Trauma generally falls into five categories: (1) abuse (physical or sexual, but also emotional or spiritual); (2) neglect; (3) abandonment; (4) enmeshment (the blurring of boundaries between adults and children); and (5) witnessing tragic events. Most of the things that wound children fit into these five categories.
Trauma is a pretty loaded word, and the therapists at the Bridge were careful to explain that there can be “big-T” trauma or “little-t” traumas. Being a victim of rape would qualify as a big-T trauma, while having an alcoholic parent might subject a child to a host of little-t traumas. But in large enough doses over a long enough time, little-t traumas can shape a person’s life just as much as one major terrible event.
Both types can do tremendous damage, but little-t trauma is more challenging to address—in part, I suspect, because we are more inclined to dismiss it. Jeff English, one of the therapists I was working with, offered a useful blanket definition: Trauma, big T or little t, means having experienced moments of perceived helplessness. The situations in question may or may not have been life-or-death, he explained, “but to a child with an undeveloped brain, it may have seemed that way.”
This perfectly described how I had felt at certain times in my childhood. The feeling of powerlessness was a large source of my pain (and in later life, my anger). But I also want to make an important distinction between trauma and adversity. They are not the same. I am not suggesting that it is ideal for children to grow up without experiencing any adversity at all, which sometimes seems to be a primary goal of modern parenting.
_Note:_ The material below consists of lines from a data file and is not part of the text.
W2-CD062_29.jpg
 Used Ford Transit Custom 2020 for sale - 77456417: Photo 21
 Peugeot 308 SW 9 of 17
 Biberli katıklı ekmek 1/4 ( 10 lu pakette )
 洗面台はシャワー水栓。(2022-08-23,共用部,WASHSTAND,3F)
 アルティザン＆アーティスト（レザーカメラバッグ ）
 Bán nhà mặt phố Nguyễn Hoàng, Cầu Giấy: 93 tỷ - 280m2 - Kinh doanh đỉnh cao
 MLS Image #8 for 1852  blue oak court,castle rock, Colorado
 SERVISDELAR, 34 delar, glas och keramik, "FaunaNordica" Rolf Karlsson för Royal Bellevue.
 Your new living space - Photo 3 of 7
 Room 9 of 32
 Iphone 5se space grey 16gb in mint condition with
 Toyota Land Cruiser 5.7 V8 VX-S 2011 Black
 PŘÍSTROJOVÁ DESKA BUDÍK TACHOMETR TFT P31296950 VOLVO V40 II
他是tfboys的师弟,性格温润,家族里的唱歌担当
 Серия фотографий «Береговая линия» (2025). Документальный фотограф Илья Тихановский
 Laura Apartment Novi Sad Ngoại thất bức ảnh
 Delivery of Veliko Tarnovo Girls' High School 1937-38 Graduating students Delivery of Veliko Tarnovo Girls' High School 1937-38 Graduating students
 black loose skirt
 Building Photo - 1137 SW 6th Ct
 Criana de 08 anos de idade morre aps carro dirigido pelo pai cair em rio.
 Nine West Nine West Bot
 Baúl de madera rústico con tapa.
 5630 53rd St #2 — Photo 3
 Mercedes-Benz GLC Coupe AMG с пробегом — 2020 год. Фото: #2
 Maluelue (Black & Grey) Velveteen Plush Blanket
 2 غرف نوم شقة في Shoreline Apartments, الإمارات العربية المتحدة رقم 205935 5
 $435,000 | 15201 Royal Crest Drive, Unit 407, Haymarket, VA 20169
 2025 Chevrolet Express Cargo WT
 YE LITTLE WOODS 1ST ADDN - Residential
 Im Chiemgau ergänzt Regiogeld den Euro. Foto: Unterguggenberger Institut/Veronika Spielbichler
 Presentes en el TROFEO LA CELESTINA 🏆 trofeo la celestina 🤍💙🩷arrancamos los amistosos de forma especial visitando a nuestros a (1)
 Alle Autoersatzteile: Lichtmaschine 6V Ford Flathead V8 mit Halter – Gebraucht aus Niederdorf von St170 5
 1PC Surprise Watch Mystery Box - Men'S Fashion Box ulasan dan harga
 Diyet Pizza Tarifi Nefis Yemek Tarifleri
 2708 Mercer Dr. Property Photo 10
Many stressors can be beneficial, while others are not. There is no bright line between trauma and adversity; terrible as it was, my own experience had made me stronger in some ways. Julie’s question is a pretty good litmus test: Would I want my child to experience it? If my daughter finished dead last in a cross-country race (for example), and didn’t get a medal, that would be okay. Sure, she might feel upset in the moment, but it could also motivate her to train harder and give her a better appreciation for the joy of placing in the top three one day. What would not be okay is if I had then screamed at her, in front of the other runners, for getting beaten by the shortest kid on the team.
Just as an aside, a 2019 study provides an elegant demonstration of the principle that setbacks can be net positive. The researchers looked at junior scientists who had applied for NIH grants and separated them into two groups: One group had scored just above the threshold for funding, while the other had scored just below the funding line, meaning their grants were not funded. While the near-miss group were more likely to drop out of science in the immediate aftermath, those who stuck with it eventually outperformed their peers who had received funding on their first try. The early setback had not impaired their careers but may have had an opposite effect.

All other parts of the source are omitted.